- Exercise objective:
Your copy should match the records exactly, apart from the pictures, which stay out.

- Stored data:
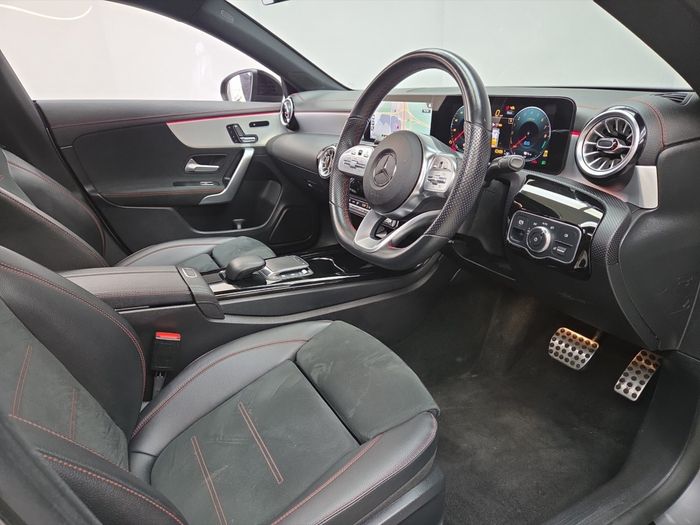 Mercedes-Benz CLA 2023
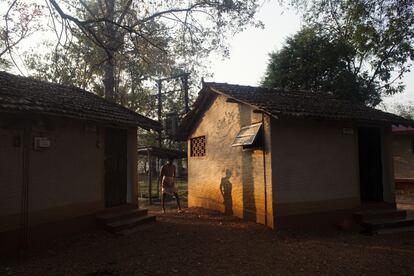 Un paciente del hospital de SEARCH pasea por Shodhgram, un poblado construido por los doctores Bang que cuenta con un hospital, un centro de investigación y de formación, biblioteca y residencia para unos 50 trabajadores de SEARCH.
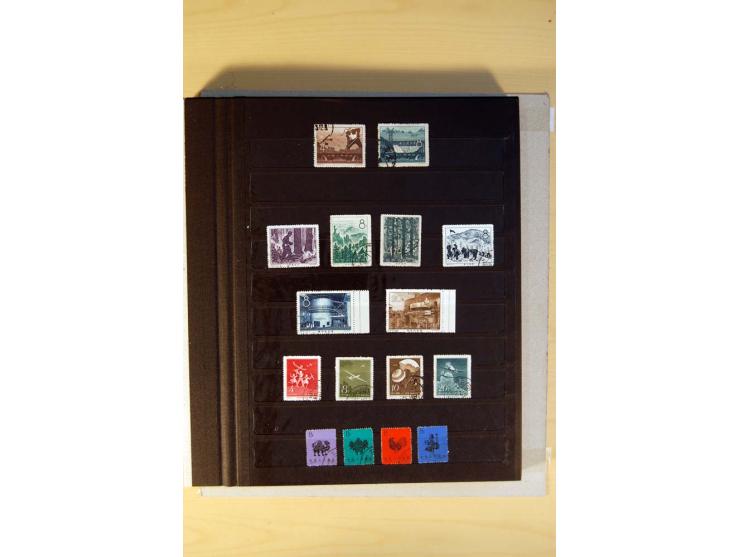 1949/70, vorwiegend gestempelte Sammlung mit besseren, dabei Mi.-Nr. 736-38 und 741-43B im Paar gestempelt, Block 7 postfrisc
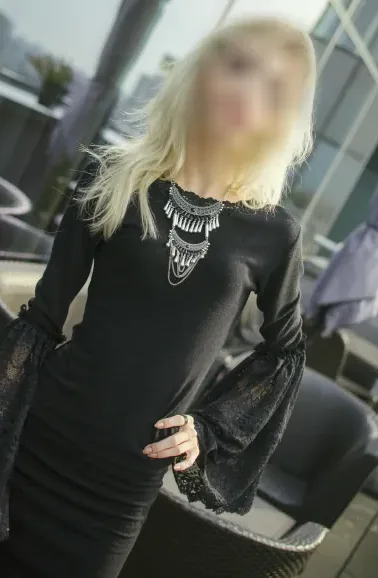 Theresa, 25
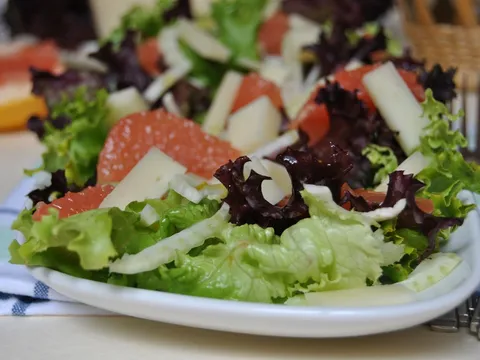 Salata s grejpom, komoračem i asiagom
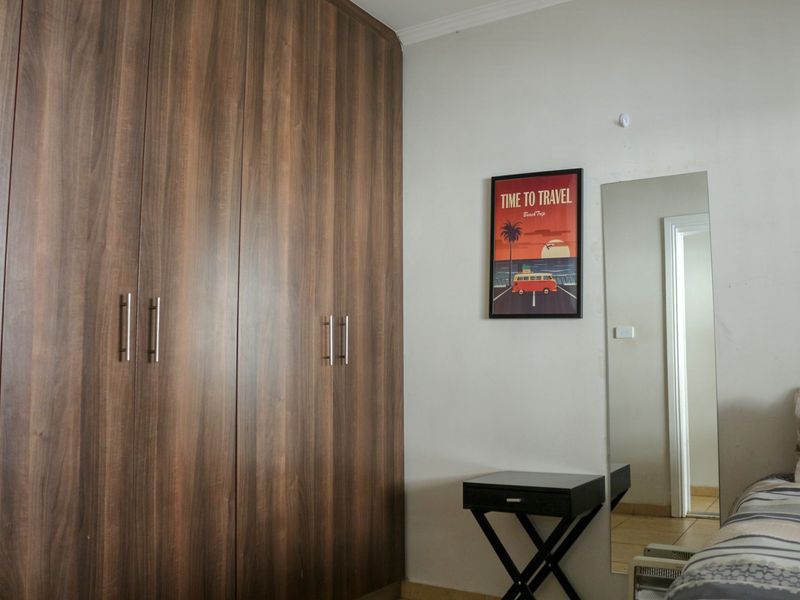 Comfortable and convenient living space - Photo 6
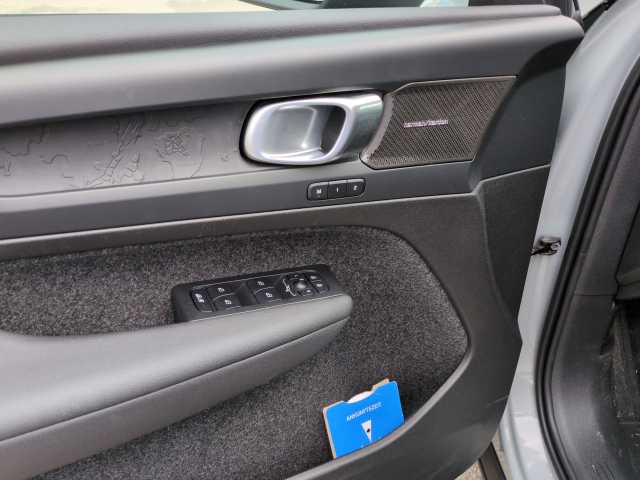 Volvo EX40 Bluetooth LED Klima Standhzg Einparkhilfe el. Fenster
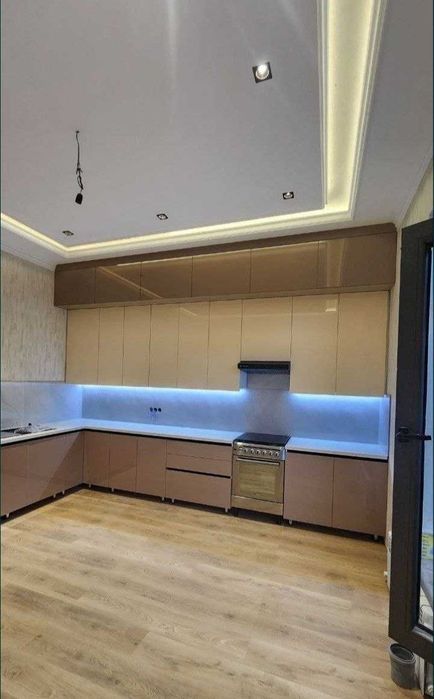 Юнусабад Хожи Ота Евро дом 4 сотки 450 м² 8 комнат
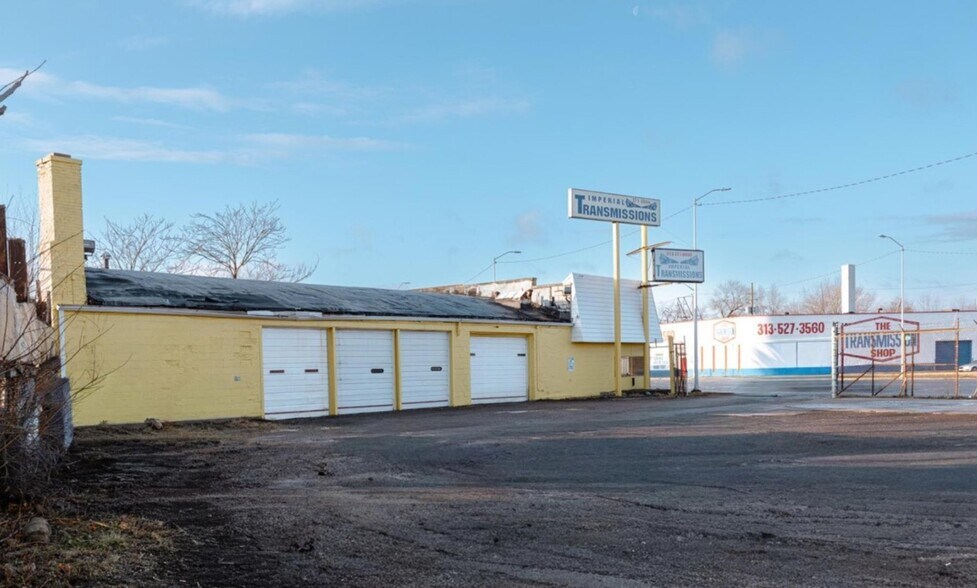 More Photos Of 13118 Gratiot Ave, Detroit Auto Repair For Sale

- Exercise output:
 Mercedes-Benz CLA 2023
 Un paciente del hospital de SEARCH pasea por Shodhgram, un poblado construido por los doctores Bang que cuenta con un hospital, un centro de investigación y de formación, biblioteca y residencia para unos 50 trabajadores de SEARCH.
 1949/70, vorwiegend gestempelte Sammlung mit besseren, dabei Mi.-Nr. 736-38 und 741-43B im Paar gestempelt, Block 7 postfrisc
 Theresa, 25
 Salata s grejpom, komoračem i asiagom
 Comfortable and convenient living space - Photo 6
 Volvo EX40 Bluetooth LED Klima Standhzg Einparkhilfe el. Fenster
 Юнусабад Хожи Ота Евро дом 4 сотки 450 м² 8 комнат
 More Photos Of 13118 Gratiot Ave, Detroit Auto Repair For Sale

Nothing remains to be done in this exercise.